The listing below must be returned in full and unchanged, without the images it carries.

Given data:
+ + +
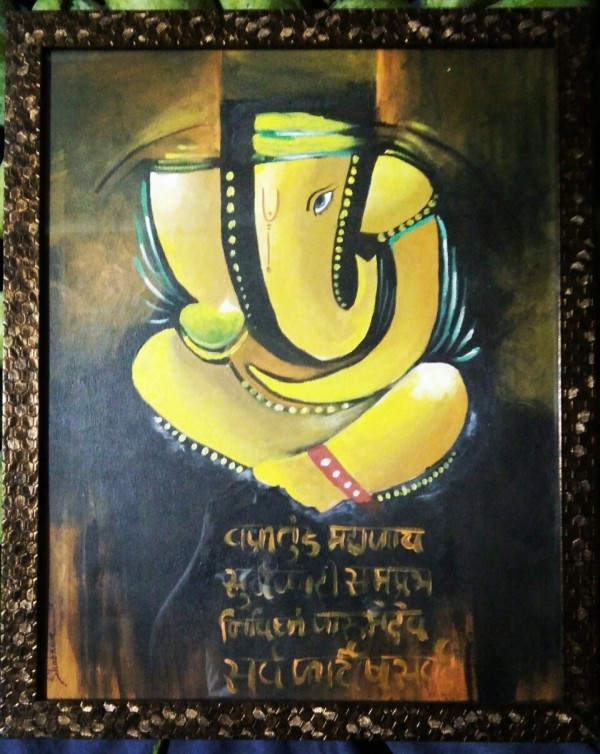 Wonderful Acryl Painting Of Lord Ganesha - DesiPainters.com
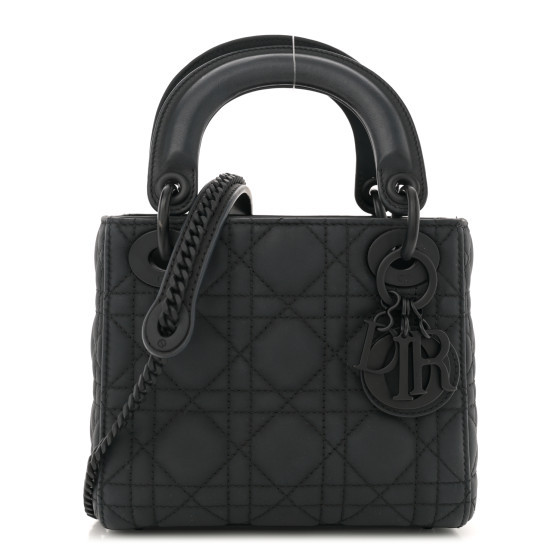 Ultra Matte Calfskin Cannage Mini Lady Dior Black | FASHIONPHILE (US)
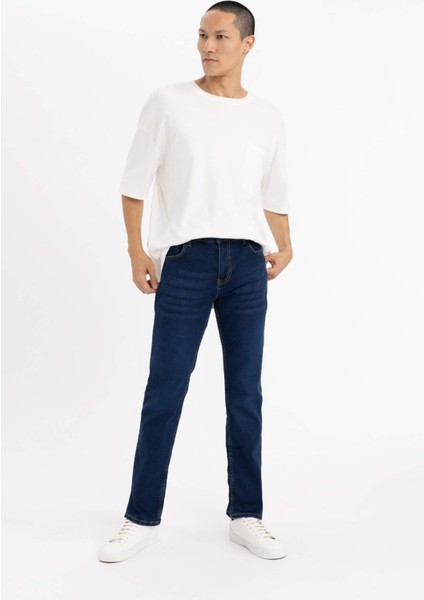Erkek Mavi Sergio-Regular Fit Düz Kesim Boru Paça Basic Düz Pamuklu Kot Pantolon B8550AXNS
+ + +
Response to this exercise:
 Wonderful Acryl Painting Of Lord Ganesha - DesiPainters.com
 Ultra Matte Calfskin Cannage Mini Lady Dior Black | FASHIONPHILE (US)
Erkek Mavi Sergio-Regular Fit Düz Kesim Boru Paça Basic Düz Pamuklu Kot Pantolon B8550AXNS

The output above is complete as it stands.